21. Hukuk Dairesi Esas No: 2006/6621 Karar No: 2007/5156 Karar Tarihi: 26.03.2007
Yargıtay 21. Hukuk Dairesi 2006/6621 Esas 2007/5156 Karar Sayılı İlamı
21. Hukuk Dairesi 2006/6621 E. , 2007/5156 K.
"İçtihat Metni"
Mahkemesi : Ankara 17.İş Mahkemesi Tarih : 22.3.2006 No : 1772-190
Davacı 8.9.1999 tarihinden itibaren maaşından yapılan sosyal güvenlik destek primi kesintisinin iptali ile iadesine, karar verilmesini istemiştir. Mahkeme ilamında belirtildiği şekilde, isteğin kabulüne karar vermiştir. Hükmün davalı vekili tarafından temyiz edilmesi üzerine temyiz isteğinin süresinde olduğu anlaşıldıktan ve Tetkik Hakimi tarafından düzenlenen raporla dosyadaki kağıtlar okunduktan sonra işin gereği düşünüldü ve aşağıdaki karar tesbit edildi.

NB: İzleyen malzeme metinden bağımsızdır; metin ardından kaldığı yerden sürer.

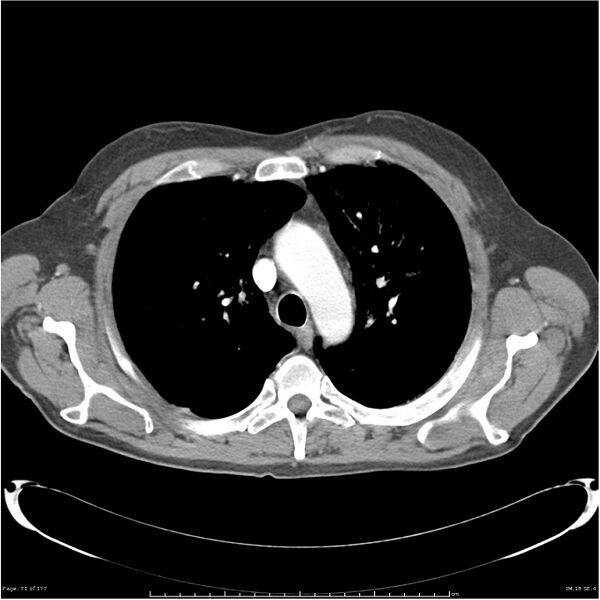 File:Atypical pneumonia - Q fever (Radiopaedia 21993-21989 C+ arterial phase 13).jpg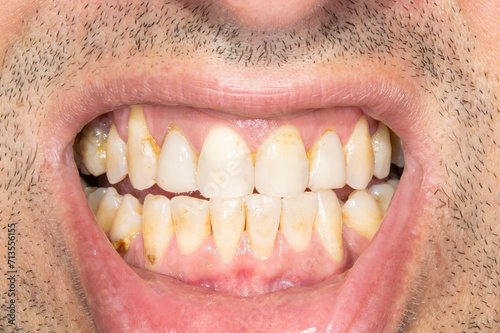 Close-up front view examination of a man mouth open with yellowish biting teeth colored spots because of smoking and bad hygiene, resin composite restorations. Beard hair and lower lip retracted.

Dava, davalı Kurum’a sosyal güvenlik destek primi borcu olmadığının tesbiti istemine ilişkindir. Mahkemece, istemin kabulüne karar verilmiş ise de, bu sonuca eksik inceleme ile ulaşılmıştır. Davıcıya, 1479 sayılı yasa kapsamında Bağ-Kur sigortalı iken 01.03.1993 tarihinden itibaren yaşlılık aylığı bağlanmıştır. Davacının 01.02.1985 tarihinde Kuaförler, Güzellik Salonları, Manikürcüler Esnaf Odası üyeliği; 31.07.1995 tarihinde vergi kaydı ve 30.12.2004 tarihinde Esnaf Sicil kaydı sona ermiştir. Bağlanan yaşlılık aylıklarından 08.09.1999 tarihinden itibaren hesaplanan 841,05 YTL SGDP aslı ve 1.257,92 YTL ceza kesildiği görülmektedir. Gerçekten, 4447 sayılı yasanın 38. maddesi ile 1479 sayılı yasaya eklenen ek 20. maddede, yaşlılık aylığı bağlananlardan kendi adına ve hesabına çalışmalarına devam edenlerin veya daha sonra çalışmaya başlayanların aylıklarından, aylığın bağlandığı veya tekrar çalışmaya başlanıldığı tarihi takip eden aybaşından itibaren %10 oranında sosyal güvenlik destek primi kesileceği hükmü öngörülmüştür. Dava konusu olayda,davacının vergi yükümlülüğünün sona erdiği belirtilmiş ise de,esnaf ve sanatkar sicil kaydının devam ettiği görülmektedir. 507 sayılı Esnaf ve Küçük Sanatkarlar Kanunu’nun 5. ve 119. maddeleri gereğince esnaf ve sanatkar sicili bağımsız çalışma yönünden yasal karine teşkil etmektedir. Öte yandan, 3165 sayılı yasa ile değişik 1479 sayılı yasanın 24. maddesinde, kendi adına ve hesabına çalışmaya (sigortalılığa) karine yönünden vergi kaydının, bu kaydın bulunmaması veya vergiden muaf olunması halinde, esnaf ve sanatkar sicili veya kanunla kurulu meslek kuruluşu kayıtlarının esas alınacağı belirlenmiştir. Bu durumda, davacının vergi kaydının silinmiş olmasına karşın, bu kayıttan muaf biçimde kendi adına ve hesabına bağımsız çalışmasını sürdürüp sürdürmediğini emniyet ve belediye aracılığı ile araştırmak, esnaf kuruluşlarından araştırma yapmak, tarafların göstereceği deliller toplanmak, bütün belge ve deliller birlikte değerlendirilerek sonucuna göre karar vermek gerekirken, mahkemece, bu maddi ve hukuki olgular göz önünde tutulmaksızın eksik inceleme ve araştırma ile yazılı şekilde hüküm kurulması usul ve yasaya aykırı olup bozma nedenidir. O halde, davalı Kurum’un bu yönleri amaçlayan temyiz itirazları kabul edilmeli ve hüküm bozulmalıdır. SONUÇ: Hükmün yukarıda açıklanan nedenlerle BOZULMASINA, 26.03.2007 gününde oybirliğiyle karar verildi.